• [YOUR ASSIGNMENT]:
Retype the whole listing exactly. Leave out pictures.

• [PROVIDED DATA]:
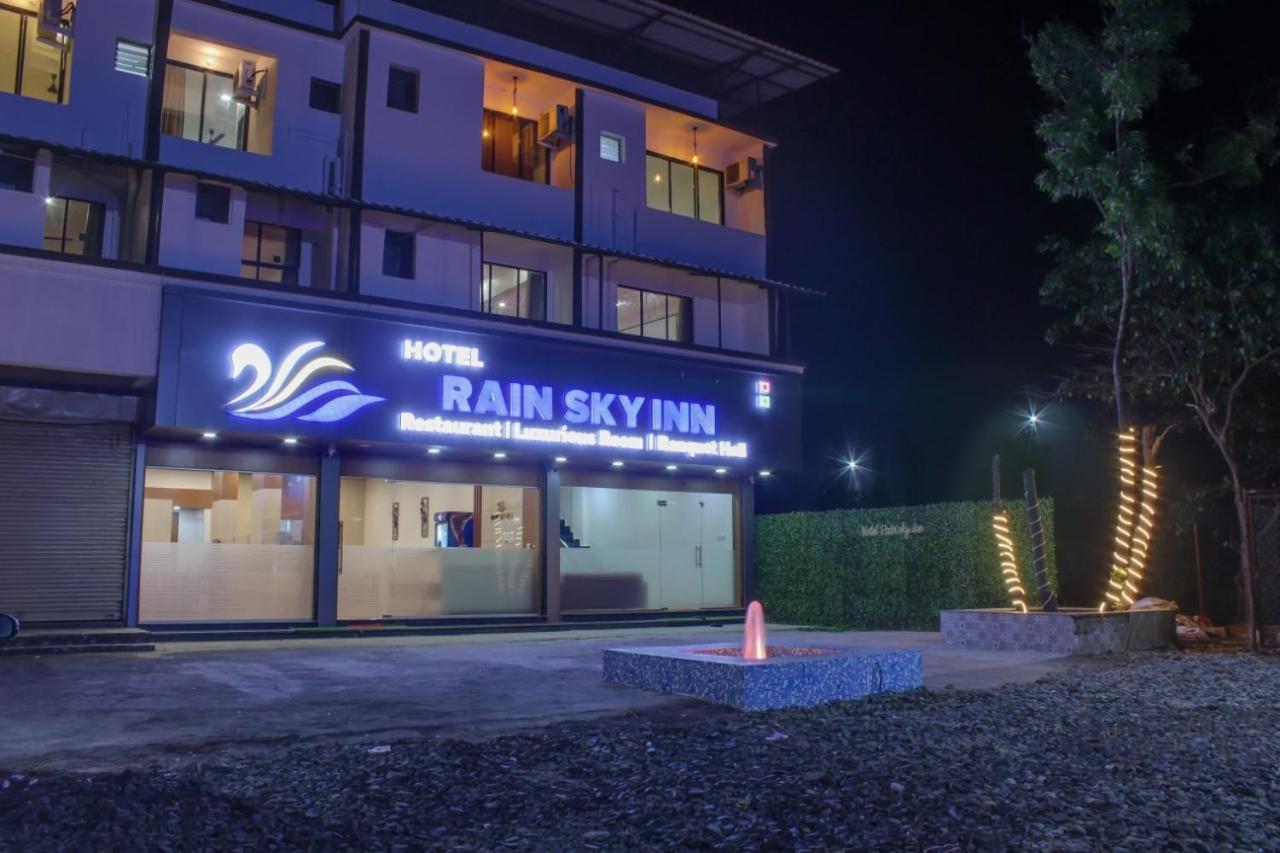 Hotel Rain Sky Inn Лонавала Екстериор снимка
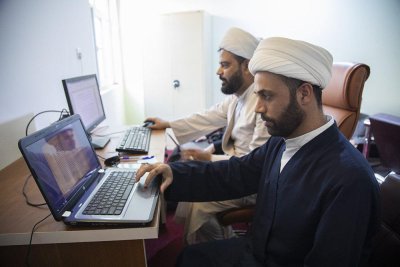للاطَّلاع على سَيْر عمل المشاريع التحقيقية   رئيس قسم شؤون المعارف الإسلامية والإنسانية يزور مركز تراث النجف الأشرف 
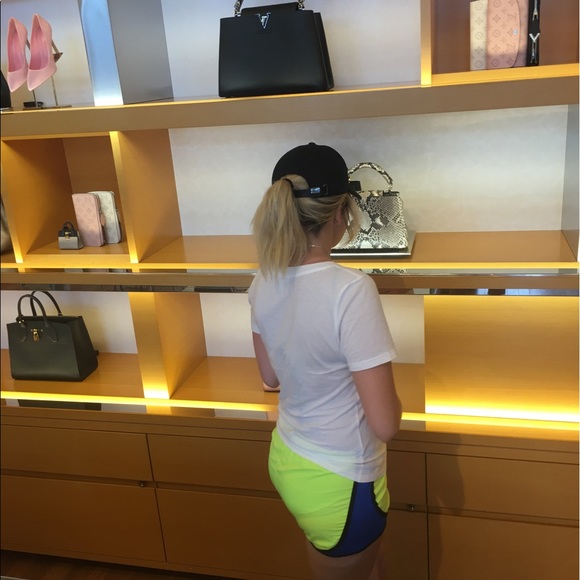 Profile Picture of Minda Sanchez (@mimissss) on Poshmark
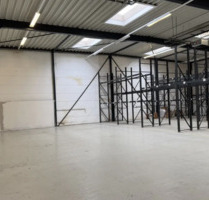Lagerhalle mit Palettenregalen in Neumünster Nord ab sofort! - Tasdorf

• [RESPONSE TO THE EXERCISE]:
 Hotel Rain Sky Inn Лонавала Екстериор снимка
للاطَّلاع على سَيْر عمل المشاريع التحقيقية   رئيس قسم شؤون المعارف الإسلامية والإنسانية يزور مركز تراث النجف الأشرف 
 Profile Picture of Minda Sanchez (@mimissss) on Poshmark
Lagerhalle mit Palettenregalen in Neumünster Nord ab sofort! - Tasdorf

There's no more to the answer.